WHAT TO WORK ON
Repeat exactly the lines of the material below that run from the "Zernez, Margunet, Aussichtspunkt, Piz" line to the "Bela Vista Idílica" line, including both, and do not carry over any pictures.

SUPPLIED DATA

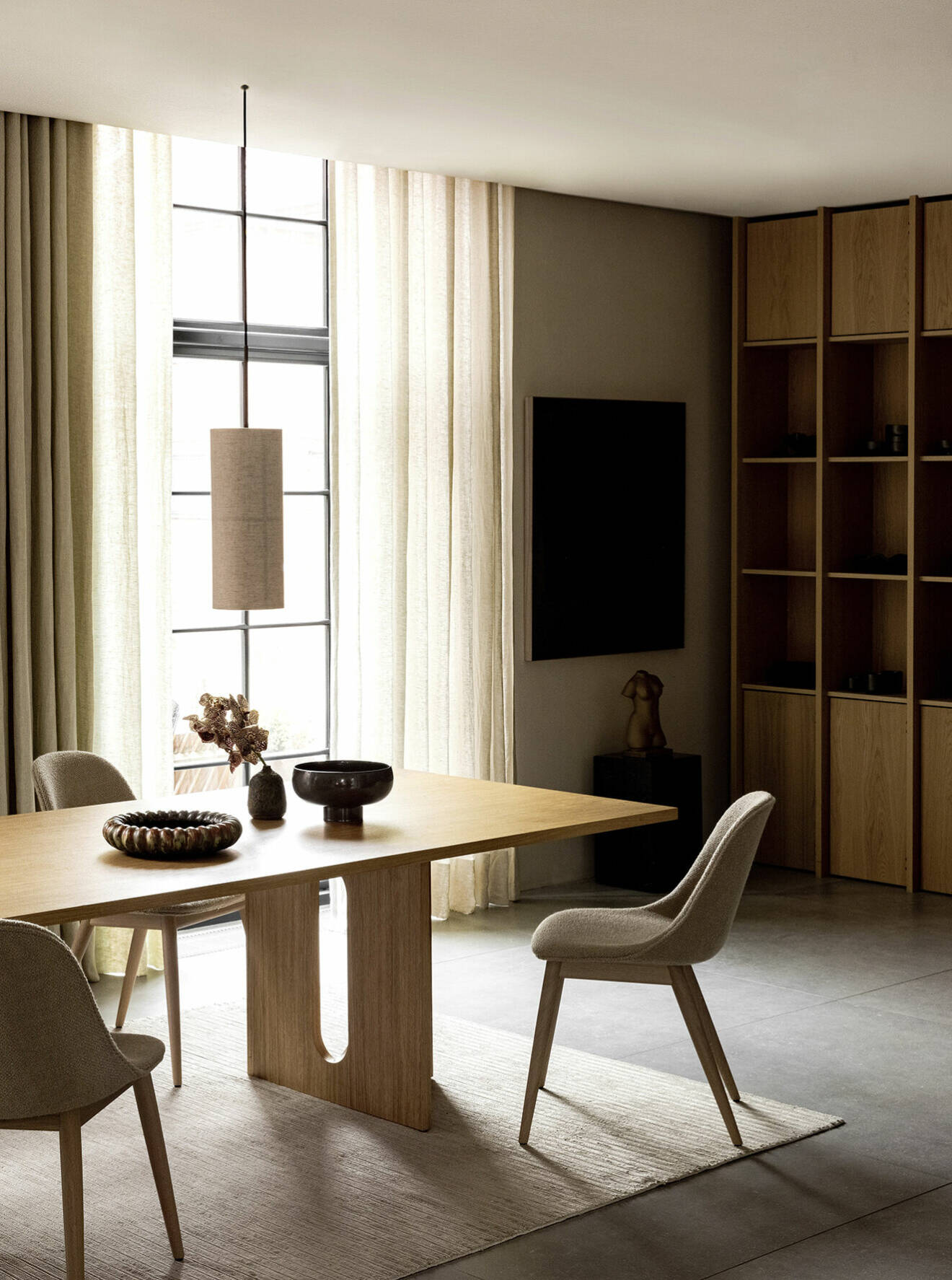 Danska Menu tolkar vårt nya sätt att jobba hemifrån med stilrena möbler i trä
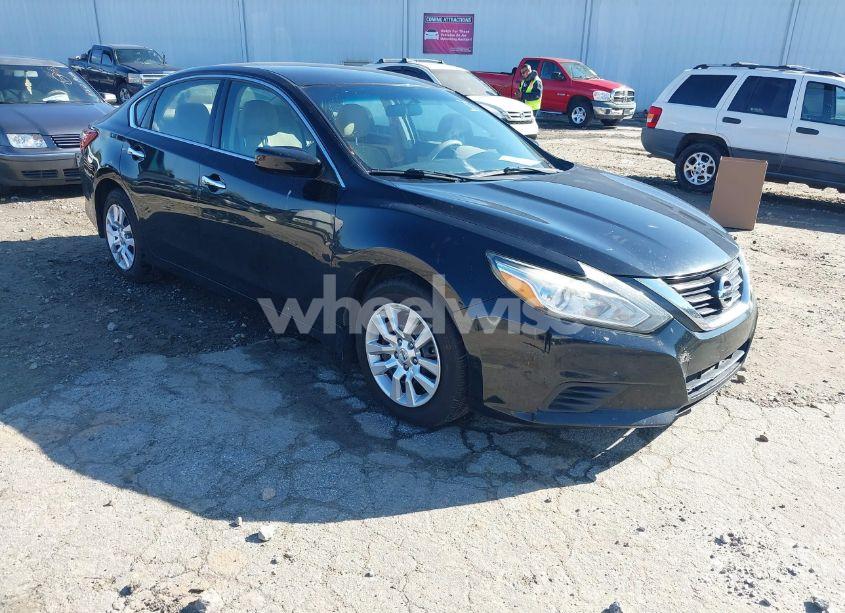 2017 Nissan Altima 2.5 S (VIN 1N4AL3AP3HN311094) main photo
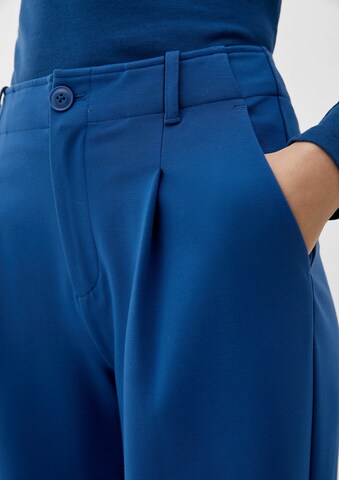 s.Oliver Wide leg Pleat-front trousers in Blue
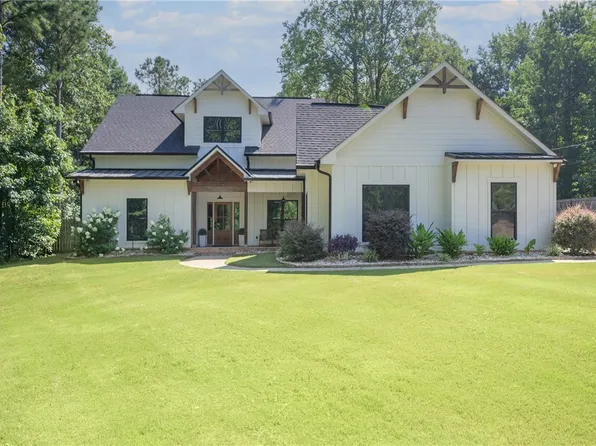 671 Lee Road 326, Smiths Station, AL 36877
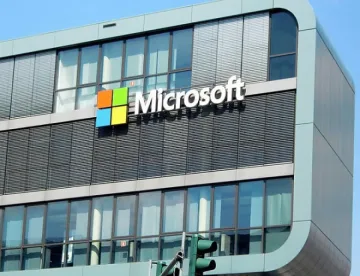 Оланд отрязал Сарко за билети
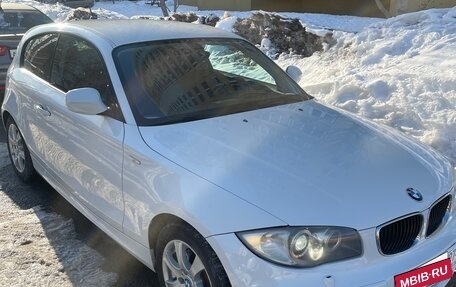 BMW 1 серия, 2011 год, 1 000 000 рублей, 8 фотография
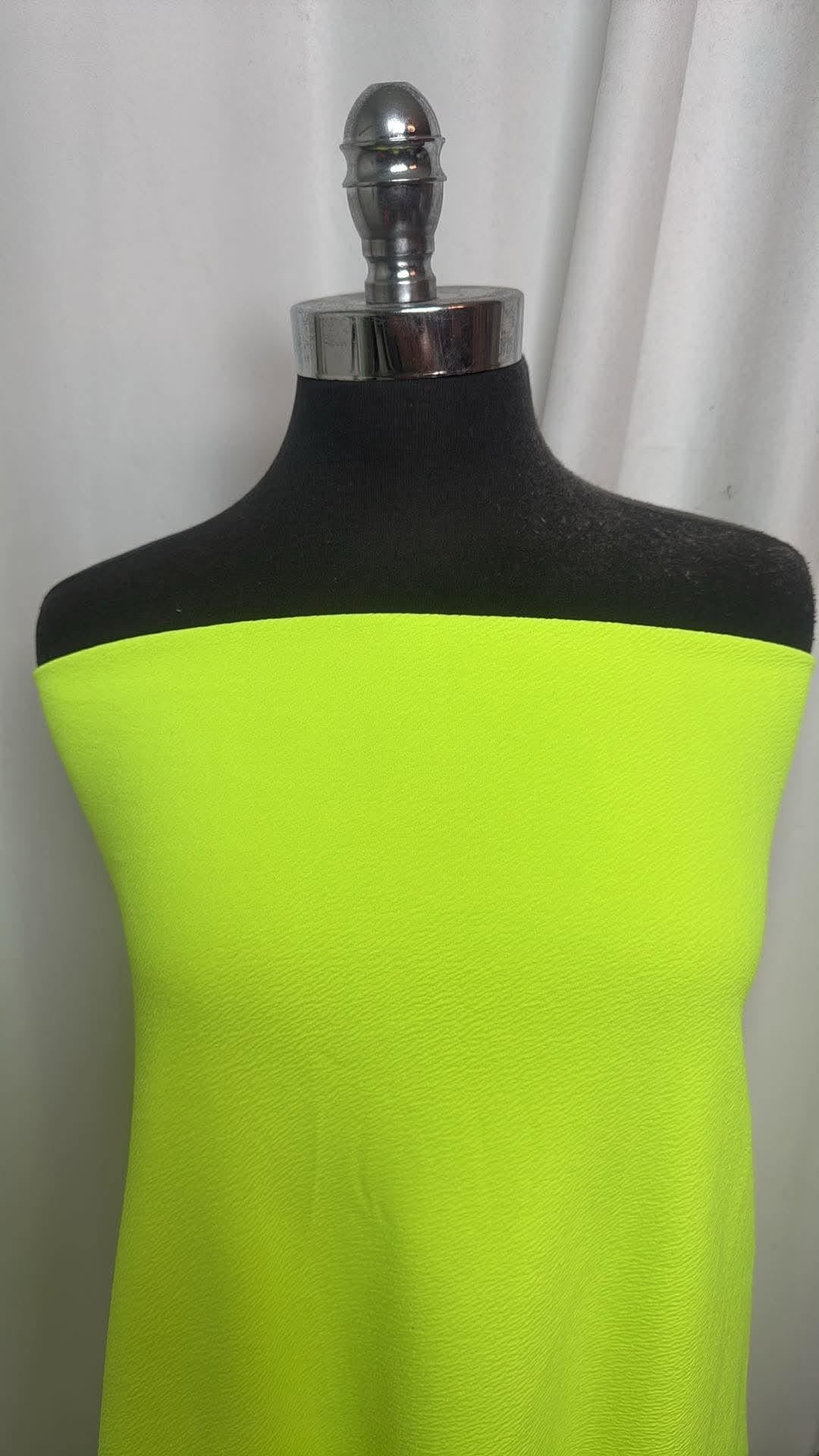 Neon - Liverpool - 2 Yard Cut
==
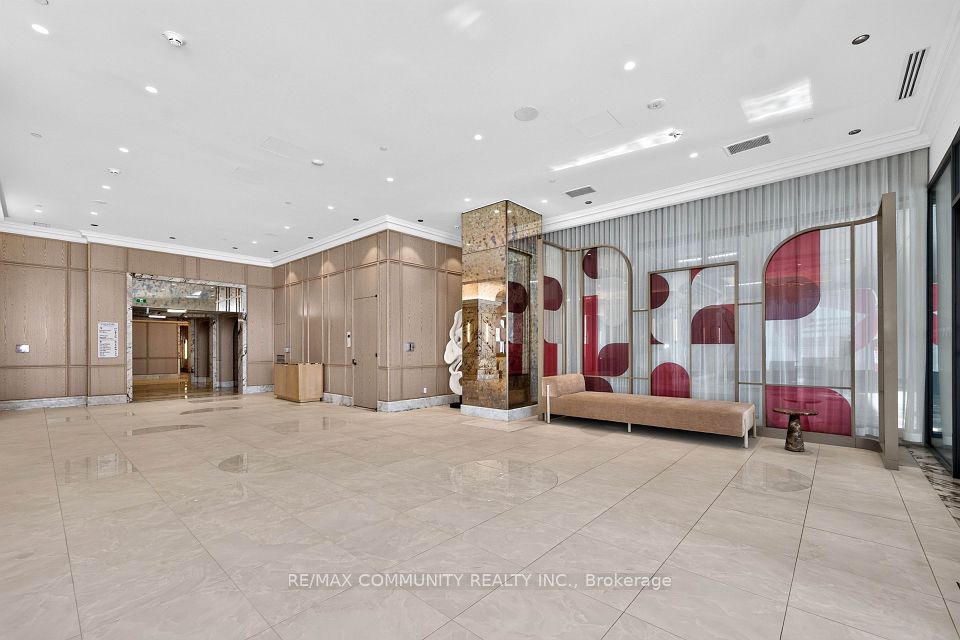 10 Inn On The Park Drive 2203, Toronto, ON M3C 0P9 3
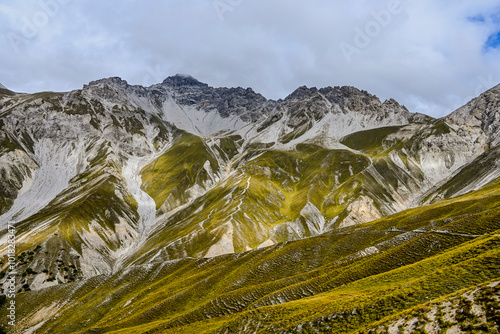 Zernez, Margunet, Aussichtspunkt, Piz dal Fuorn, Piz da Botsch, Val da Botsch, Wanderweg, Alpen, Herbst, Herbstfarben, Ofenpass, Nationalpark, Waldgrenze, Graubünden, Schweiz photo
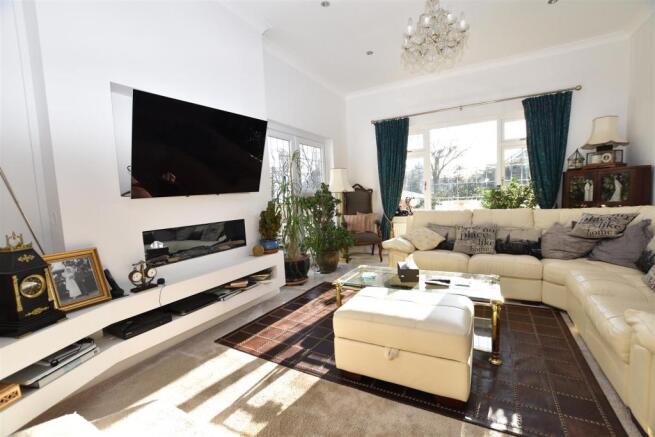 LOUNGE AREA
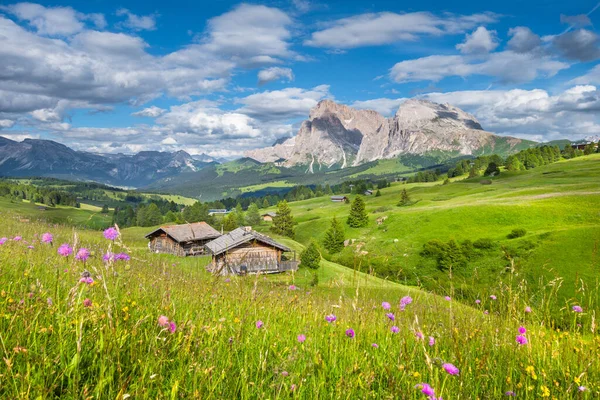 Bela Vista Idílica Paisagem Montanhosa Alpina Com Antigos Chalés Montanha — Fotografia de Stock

RESULT OF THE EXERCISE
 Zernez, Margunet, Aussichtspunkt, Piz dal Fuorn, Piz da Botsch, Val da Botsch, Wanderweg, Alpen, Herbst, Herbstfarben, Ofenpass, Nationalpark, Waldgrenze, Graubünden, Schweiz photo
 LOUNGE AREA
 Bela Vista Idílica Paisagem Montanhosa Alpina Com Antigos Chalés Montanha — Fotografia de Stock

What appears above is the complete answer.